Where did Erdős propose that a simple nonbipartite graph with $m$ edges and $n$ vertices contains a triangle when $m>\frac{1}{4}(n-1)^2+1$?

Question

The following theorem seems to be well-known; it can be found in Bondy and Murty's book Graph Theory (GTM 244,Page 306, Exercise 12.2.7), where the authors of the book attribute it to Erdős, but do not specify the source. I would like to inquire about which article by Erdős obtains it.

Theorem 1. Let $G$ be a simple nonbipartite graph with $m>\frac{1}{4}(n-1)^2+1$ (where $m$ and $n$ are the numbers of edges and vertices, respectively). Then $G$ contains a triangle.

P.S. we can see the proof in Prove that : $f(n) \le \frac{1}{4}(n-1)^2+1 $

Answer 1

Through my research, this result came from the paper below.

• Erdős, On a theorem of Rademacher-Turán. Illinois J. Math, 1962, 122-127.

We can download in https://static.renyi.hu/~p_erdos/1962-09.pdf.

Lemma 1 in the paper is the result we are referring to. In addition, Erdős said that the result was found jointly by Gallai and himself and also found by Andrásfai independently. So in a paper titled Strong Turán Stability, the authors stated that the result was proven by Andrásfai, Erdős, and Gallai.
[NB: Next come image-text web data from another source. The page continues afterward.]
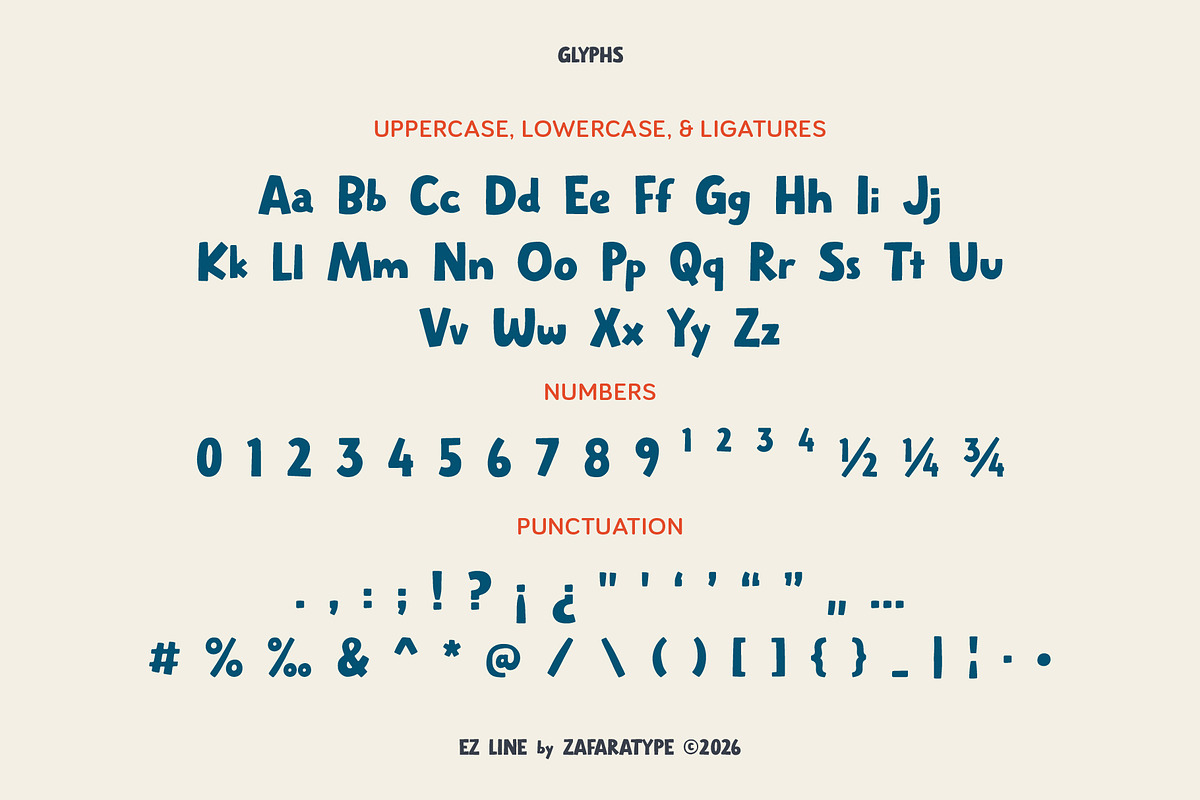 EZ Mallowick, a Handwritten Font by Zafara Studios (Photo 3 of 6)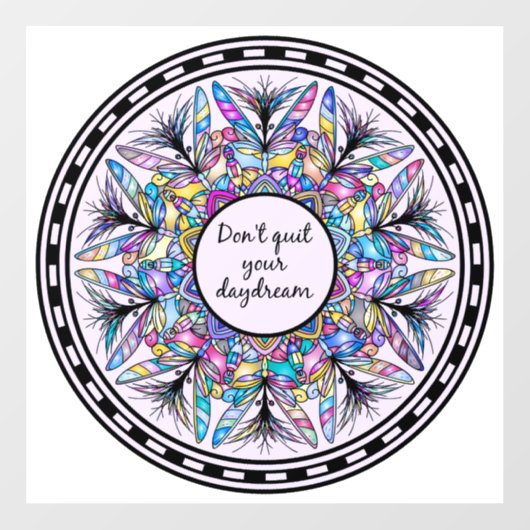 Hou je dagdroom niet op raamsticker (Vel)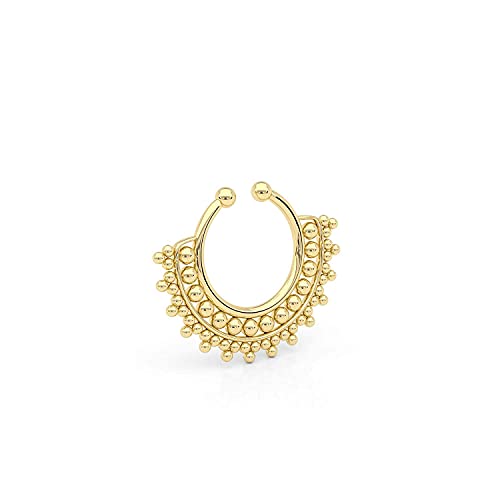 Algopix Similar Product 1 - Tiny Gold Fake Septum Nose Ring Indian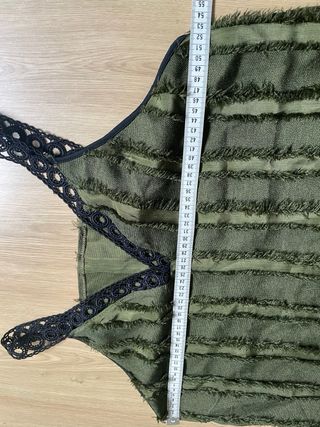 Top Boho Encaje Verde Talla XL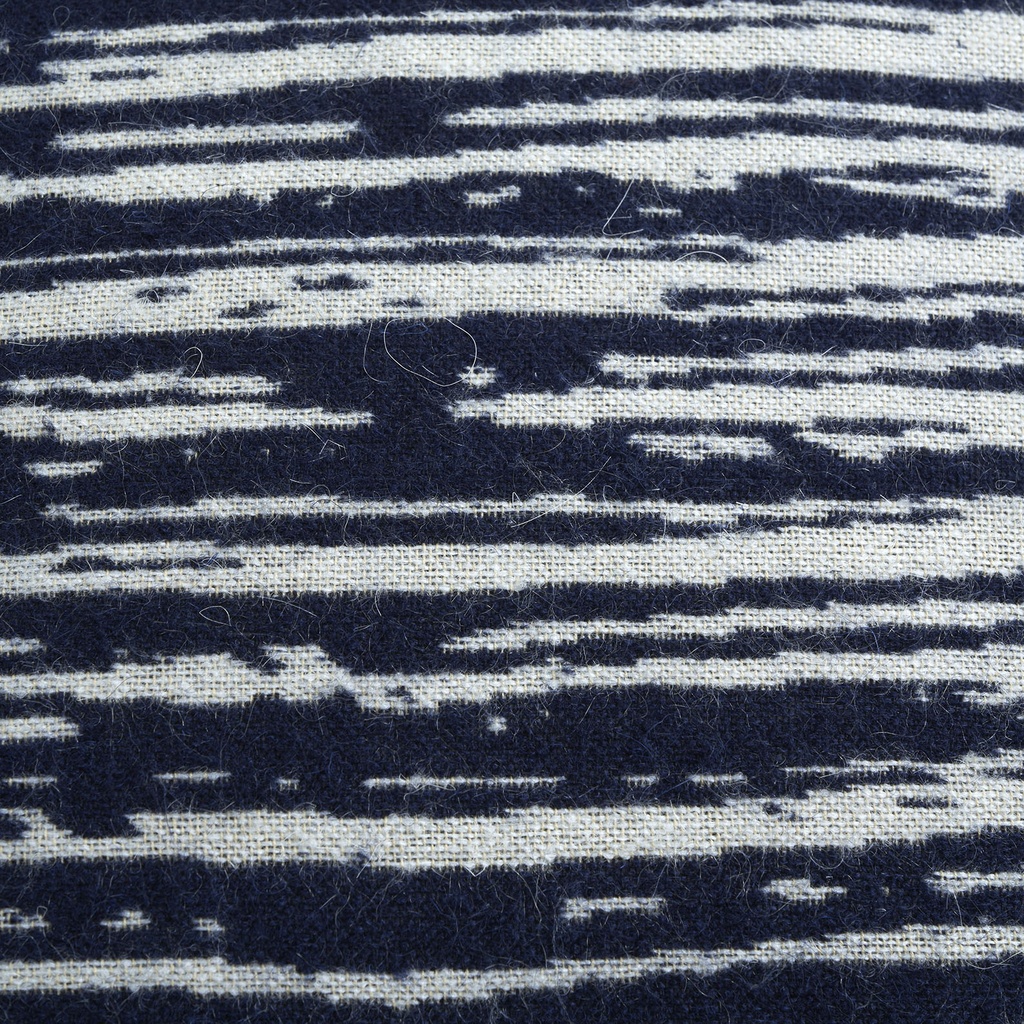 Navy Lines cushion - square 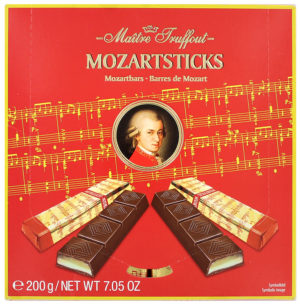 Набір шоколадних цукерок з мигдальною начинкою Maitre Truffout Mazartsticks 200г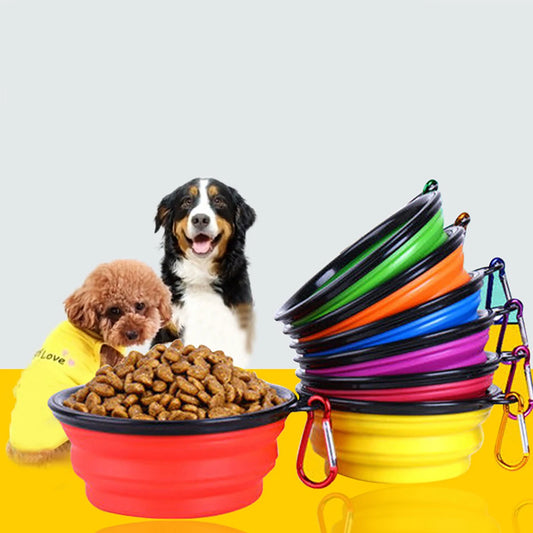 Collapsible Dog Food Water Bowl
It has been independently re-discovered several times. For example,

• Amin, K., J. Faudree, R. J. Gould and E. Sidorowicz, On the non-(p −1)-partite Kp-free graphs, Discuss. Math. Graph Theory 33 (2013), pp. 9–23.

• Hanson, D. and B. Toft, k-saturated graphs of chromatic number at least k, Ars Combin. 31 (1991), pp. 159–164.

• Kang, M. and O. Pikhurko, Maximum Kr+1-free graphs which are not r-partite, Mat. Stud. 24 (2005), pp. 12–20.